As an outcome of QTL analysis, scientists identify chromosomal regions that are in close proximity to genes controlling a trait of interest. These chromosomal regions may be the target gene itself or may be genetic markers such as RFLPs, AFLPs, RAPDs, VNTRs, microsatellite polymorphisms, SNPs, and STRs. Because the markers are in close proximity to the genes, they tend to be inherited along with the gene (a phenomenon known as genetic linkage). As a result, the marker can be used to track the inheritance of the genes of interest. The process and statistical methods used to identify the location and effects of the various genes of interest or markers associated with these genes is called QTL mapping.
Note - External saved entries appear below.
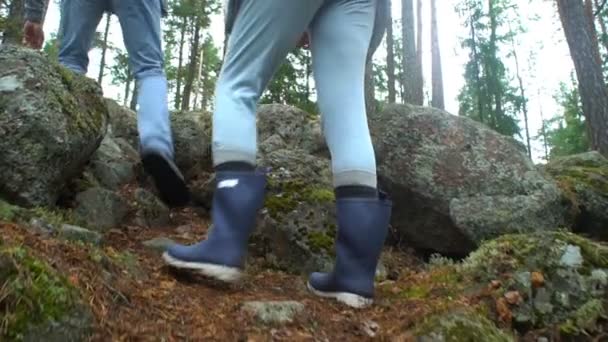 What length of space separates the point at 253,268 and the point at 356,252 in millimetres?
1052

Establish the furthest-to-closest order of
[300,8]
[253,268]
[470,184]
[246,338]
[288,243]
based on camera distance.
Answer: [470,184] → [288,243] → [253,268] → [300,8] → [246,338]

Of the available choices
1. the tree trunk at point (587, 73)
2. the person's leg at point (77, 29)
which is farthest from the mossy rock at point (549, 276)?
the tree trunk at point (587, 73)

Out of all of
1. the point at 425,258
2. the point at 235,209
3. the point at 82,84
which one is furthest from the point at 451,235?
the point at 82,84

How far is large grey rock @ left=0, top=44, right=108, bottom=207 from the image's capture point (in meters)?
3.23

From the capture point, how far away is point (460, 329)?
2035 mm

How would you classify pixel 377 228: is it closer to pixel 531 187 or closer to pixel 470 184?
pixel 470 184

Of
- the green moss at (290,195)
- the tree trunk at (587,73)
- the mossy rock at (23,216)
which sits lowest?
the mossy rock at (23,216)

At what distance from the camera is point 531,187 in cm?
487

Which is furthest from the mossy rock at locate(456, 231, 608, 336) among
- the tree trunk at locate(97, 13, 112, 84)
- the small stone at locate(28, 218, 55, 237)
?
the tree trunk at locate(97, 13, 112, 84)

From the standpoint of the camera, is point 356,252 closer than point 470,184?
Yes

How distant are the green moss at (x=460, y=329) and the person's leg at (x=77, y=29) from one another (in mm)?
3273

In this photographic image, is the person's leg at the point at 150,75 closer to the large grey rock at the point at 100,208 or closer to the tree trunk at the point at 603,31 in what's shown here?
the large grey rock at the point at 100,208

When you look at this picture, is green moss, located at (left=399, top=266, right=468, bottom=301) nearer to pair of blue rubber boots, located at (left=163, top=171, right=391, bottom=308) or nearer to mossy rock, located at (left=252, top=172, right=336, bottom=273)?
pair of blue rubber boots, located at (left=163, top=171, right=391, bottom=308)

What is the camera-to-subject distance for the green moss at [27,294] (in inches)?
62.2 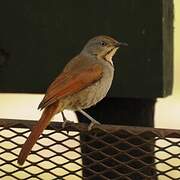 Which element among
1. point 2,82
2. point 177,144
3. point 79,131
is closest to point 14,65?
point 2,82

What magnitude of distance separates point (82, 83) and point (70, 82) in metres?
0.11

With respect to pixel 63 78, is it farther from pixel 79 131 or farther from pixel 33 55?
pixel 79 131

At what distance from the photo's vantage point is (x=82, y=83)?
464 cm

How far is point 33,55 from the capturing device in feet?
14.0

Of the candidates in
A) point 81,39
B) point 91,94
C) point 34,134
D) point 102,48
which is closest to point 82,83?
point 91,94

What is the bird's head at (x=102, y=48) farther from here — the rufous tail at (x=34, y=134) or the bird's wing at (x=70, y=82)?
the rufous tail at (x=34, y=134)

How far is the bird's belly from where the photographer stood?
14.7ft

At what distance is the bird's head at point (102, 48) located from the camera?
4.78 m

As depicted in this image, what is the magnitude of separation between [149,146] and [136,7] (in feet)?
2.33

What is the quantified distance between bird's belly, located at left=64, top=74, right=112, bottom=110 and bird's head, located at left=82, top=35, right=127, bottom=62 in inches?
7.9

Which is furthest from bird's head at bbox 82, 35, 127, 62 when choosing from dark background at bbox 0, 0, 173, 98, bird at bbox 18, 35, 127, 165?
dark background at bbox 0, 0, 173, 98

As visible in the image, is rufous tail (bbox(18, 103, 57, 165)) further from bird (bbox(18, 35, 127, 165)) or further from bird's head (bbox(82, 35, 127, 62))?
bird's head (bbox(82, 35, 127, 62))

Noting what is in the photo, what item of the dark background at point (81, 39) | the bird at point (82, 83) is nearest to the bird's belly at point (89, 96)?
the bird at point (82, 83)

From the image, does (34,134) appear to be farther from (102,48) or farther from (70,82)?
(102,48) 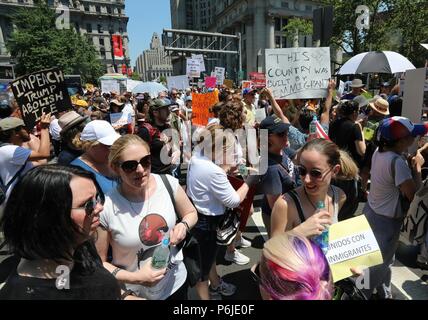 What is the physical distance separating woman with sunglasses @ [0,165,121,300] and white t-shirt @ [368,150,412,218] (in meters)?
2.31

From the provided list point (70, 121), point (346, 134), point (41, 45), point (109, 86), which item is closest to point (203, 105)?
point (346, 134)

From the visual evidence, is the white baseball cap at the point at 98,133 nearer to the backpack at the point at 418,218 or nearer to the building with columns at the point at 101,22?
the backpack at the point at 418,218

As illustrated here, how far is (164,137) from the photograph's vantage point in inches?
186

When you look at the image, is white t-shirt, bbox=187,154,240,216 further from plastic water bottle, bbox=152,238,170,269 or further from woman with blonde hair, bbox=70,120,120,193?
plastic water bottle, bbox=152,238,170,269

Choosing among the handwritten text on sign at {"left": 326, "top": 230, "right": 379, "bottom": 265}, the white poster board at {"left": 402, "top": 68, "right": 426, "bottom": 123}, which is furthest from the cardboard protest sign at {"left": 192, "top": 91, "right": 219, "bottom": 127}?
the handwritten text on sign at {"left": 326, "top": 230, "right": 379, "bottom": 265}

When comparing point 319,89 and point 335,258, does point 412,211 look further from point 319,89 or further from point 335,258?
point 319,89

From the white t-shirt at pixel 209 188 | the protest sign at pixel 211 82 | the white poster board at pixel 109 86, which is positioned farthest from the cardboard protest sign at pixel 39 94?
the white poster board at pixel 109 86

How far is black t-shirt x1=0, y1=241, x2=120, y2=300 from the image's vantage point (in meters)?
1.16

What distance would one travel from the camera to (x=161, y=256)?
176cm

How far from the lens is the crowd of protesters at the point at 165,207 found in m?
1.22

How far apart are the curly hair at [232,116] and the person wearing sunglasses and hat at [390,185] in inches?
61.2

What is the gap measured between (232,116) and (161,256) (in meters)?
2.24

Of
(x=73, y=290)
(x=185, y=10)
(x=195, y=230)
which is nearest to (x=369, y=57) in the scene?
(x=195, y=230) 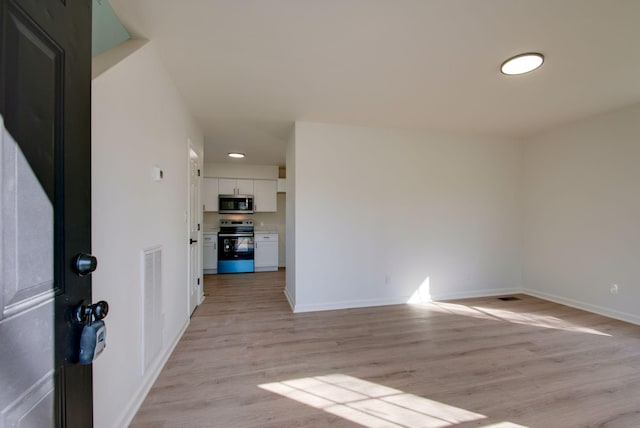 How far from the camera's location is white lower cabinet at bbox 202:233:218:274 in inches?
226

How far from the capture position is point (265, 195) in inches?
249

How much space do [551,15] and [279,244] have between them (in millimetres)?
5936

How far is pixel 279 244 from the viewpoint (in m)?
6.66

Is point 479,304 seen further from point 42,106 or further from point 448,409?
point 42,106

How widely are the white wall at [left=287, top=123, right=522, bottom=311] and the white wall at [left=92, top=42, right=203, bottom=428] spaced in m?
1.62

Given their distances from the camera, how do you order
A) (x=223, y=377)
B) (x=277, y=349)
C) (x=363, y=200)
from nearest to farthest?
(x=223, y=377) < (x=277, y=349) < (x=363, y=200)

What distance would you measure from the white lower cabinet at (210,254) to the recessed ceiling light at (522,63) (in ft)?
18.3

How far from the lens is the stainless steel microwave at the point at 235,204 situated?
598 cm

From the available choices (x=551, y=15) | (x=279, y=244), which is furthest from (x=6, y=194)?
(x=279, y=244)

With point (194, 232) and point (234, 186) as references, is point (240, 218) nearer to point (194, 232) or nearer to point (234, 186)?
point (234, 186)

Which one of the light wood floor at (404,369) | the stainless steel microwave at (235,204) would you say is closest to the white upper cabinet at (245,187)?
the stainless steel microwave at (235,204)

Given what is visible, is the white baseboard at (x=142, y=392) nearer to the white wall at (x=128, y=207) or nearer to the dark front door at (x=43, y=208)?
the white wall at (x=128, y=207)

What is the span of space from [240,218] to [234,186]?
2.70ft

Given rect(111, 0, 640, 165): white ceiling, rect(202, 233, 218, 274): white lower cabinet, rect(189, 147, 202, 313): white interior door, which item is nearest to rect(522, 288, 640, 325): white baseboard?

A major limitation of QTL analysis is that it has historically been limited to populations derived from single crosses of inbred lines and thus has not incorporated the extensive plant pedigree data that has been collected by plant breeders. Previous attempts to explicitly include this information have proven to be computationally intensive and are difficult to parameterize. As a result, vast amounts of data collected over the course of the development of modern elite plant varieties is essentially unused for purposes of phenotypic prediction.
Analysis of more complex populations derived from multiple founders or collected from ongoing breeding programs has the potential to significantly improve the understanding of important agronomic traits. For example, if the stability and magnitude of individual genes across different genetic backgrounds can be quantified more accurately, improved response to selection can be obtained. The use of these more complex populations would provide better context for making inferences by better approximating commercial breeding populations and would increase cost effectiveness by allowing use of available phenotypes from ongoing selection experiments. While some efforts have been undertaken to use historical pedigree data to predict phenotypes within mapping populations, those efforts have been largely unproductive in large part because of the inability to efficiently use the extensive pedigree and marker information that must be combined and analyzed.
The important benefits that can be derived from incorporation of comprehensive pedigree data coupled with the inability of those skilled in the art to effectively perform such analysis underscores the long felt, unsatisfied need for such tools in the art.